Mitch couldn't be persuaded to attend Ethel's funeral with me. So we parted company at the restaurant door with an exchange of "see you later." He attempted to dodge giant raindrops as he took off for his pickup. My hat took a slight pounding until I limped around the front of my car and dove in behind the wheel.

I was proud of myself for remembering to fish the umbrella from the trunk before I backed out of the garage at home. And it was right there on the seat next to me where I put it.

Some days I really wondered if it was worth the effort to climb out of bed. Especially days like this when I left my brain on the bed pillow. I probably could blame these occasional lapses of memory on menopause.

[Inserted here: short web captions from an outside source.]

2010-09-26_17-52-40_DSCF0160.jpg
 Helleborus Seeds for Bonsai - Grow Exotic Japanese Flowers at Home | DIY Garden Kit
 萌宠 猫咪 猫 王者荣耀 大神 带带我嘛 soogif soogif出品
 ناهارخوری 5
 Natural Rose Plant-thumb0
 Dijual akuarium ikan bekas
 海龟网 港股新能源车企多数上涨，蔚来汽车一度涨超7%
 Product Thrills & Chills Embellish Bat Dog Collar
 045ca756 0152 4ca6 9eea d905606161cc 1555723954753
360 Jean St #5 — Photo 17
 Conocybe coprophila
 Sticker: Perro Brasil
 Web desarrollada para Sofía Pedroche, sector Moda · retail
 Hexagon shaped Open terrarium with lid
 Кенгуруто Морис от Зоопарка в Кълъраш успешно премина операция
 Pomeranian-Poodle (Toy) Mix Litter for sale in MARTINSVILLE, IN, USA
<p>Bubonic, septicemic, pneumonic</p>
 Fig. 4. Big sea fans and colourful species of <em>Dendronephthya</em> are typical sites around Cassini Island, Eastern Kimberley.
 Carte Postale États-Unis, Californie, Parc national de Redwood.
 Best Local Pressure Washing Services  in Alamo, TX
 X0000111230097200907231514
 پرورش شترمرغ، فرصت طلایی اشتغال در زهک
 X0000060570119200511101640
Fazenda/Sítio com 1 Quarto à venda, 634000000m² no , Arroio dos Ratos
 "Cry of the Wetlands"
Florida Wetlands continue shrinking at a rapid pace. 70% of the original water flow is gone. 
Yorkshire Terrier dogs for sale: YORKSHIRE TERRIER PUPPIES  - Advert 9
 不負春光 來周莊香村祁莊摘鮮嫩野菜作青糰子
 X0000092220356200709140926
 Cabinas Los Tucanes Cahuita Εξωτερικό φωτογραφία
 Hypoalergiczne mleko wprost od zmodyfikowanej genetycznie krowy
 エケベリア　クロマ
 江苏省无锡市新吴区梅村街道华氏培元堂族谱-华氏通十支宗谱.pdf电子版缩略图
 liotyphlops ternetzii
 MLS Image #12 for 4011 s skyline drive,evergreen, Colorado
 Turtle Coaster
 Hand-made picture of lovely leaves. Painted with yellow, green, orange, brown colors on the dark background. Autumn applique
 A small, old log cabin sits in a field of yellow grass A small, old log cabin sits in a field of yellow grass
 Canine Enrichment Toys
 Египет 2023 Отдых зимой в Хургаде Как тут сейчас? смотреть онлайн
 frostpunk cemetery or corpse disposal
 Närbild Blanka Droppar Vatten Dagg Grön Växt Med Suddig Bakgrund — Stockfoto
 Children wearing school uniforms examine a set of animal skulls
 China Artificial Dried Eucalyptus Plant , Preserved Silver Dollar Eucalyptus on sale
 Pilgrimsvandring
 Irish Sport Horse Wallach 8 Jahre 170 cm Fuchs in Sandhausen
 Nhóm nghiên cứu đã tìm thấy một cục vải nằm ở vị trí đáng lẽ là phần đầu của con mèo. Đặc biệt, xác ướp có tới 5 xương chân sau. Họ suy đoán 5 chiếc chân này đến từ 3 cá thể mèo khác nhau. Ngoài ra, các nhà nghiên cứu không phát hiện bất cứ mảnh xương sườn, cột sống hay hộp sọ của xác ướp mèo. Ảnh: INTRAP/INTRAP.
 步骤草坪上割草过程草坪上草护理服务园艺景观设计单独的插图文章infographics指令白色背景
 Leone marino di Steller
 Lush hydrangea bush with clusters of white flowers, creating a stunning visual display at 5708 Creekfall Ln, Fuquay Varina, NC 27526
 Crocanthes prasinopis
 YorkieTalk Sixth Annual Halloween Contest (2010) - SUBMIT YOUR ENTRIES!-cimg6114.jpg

And for all I know, that could very well be the culprit. No way was I ready to believe it was a part of growing old.

I cruised south on Front Street, past one funeral parlor and turned into the empty parking lot of the next one. I had been afraid of being late. I looked at my wristwatch.10:08. I was late. But the service wouldn't, couldn't, be over and done with in eight minutes. My mind may give me these occasional fits of memory loss, but I remembered what I read in the paper this morning. I was at the right funeral parlor. Besides, I just drove past another empty parking lot of the only other parlor in town. I also remembered reading the service was to be held at ten o'clock Saturday morning.

I reached for my umbrella and sent it out the door ahead of me. Just because the ankle felt strong enough to put the full weight of my body on it, didn't mean it was ready for me to sprint to the door. So I didn't.

As I climbed the steps to the door of the funeral parlor, I saw lights on inside. Before I had a chance to try the door, it opened. I recognized the handsome young man who greeted me.

"Good morning."

He was the doorman at Thomas's funeral the day before. I think he is also the undertaker's assistant.

I returned his pleasant greeting with a question. "Isn't the service for Ethel Johnson supposed to be held here?"

"Yes. But I'm afraid you missed the service."

"The paper said ten o'clock."

"Oh, yes. That would have been Thursday's paper. Yesterday's printed the correction. It was a nine o'clock service."

It must have been my heavy sigh of frustration that caused him to add, "They just left with her a short while ago. If you hurry, you might arrive at the cemetery before the preacher gives his final prayer."

I thanked him and retraced my steps to the car, although I was too steamed to step carefully and keep down the speed. Luckily, I made it inside the car without further injury to the ankle, because I felt no pain. But then, that could be because I was to busy demoting Doug Smith in my head.

Fay Cunningham is a woman of her word, I reminded myself as I slammed the car door beside me. I'll give you your six month reign as head honcho of The Susquehanna Valley Daily, as promised. But you can forget taking over on a permanent basis. This old gal is coming back.

I looked at my reflection in the rear-view mirror. A smile of determination lit up the face. The slightly pudgy one. "That is going to change too," I told my reflection in reference to the weight gain.

I fired up the Lincoln with a promise to myself. Chubby was not only going to reclaim her newspaper business, but do it at forty pounds lighter.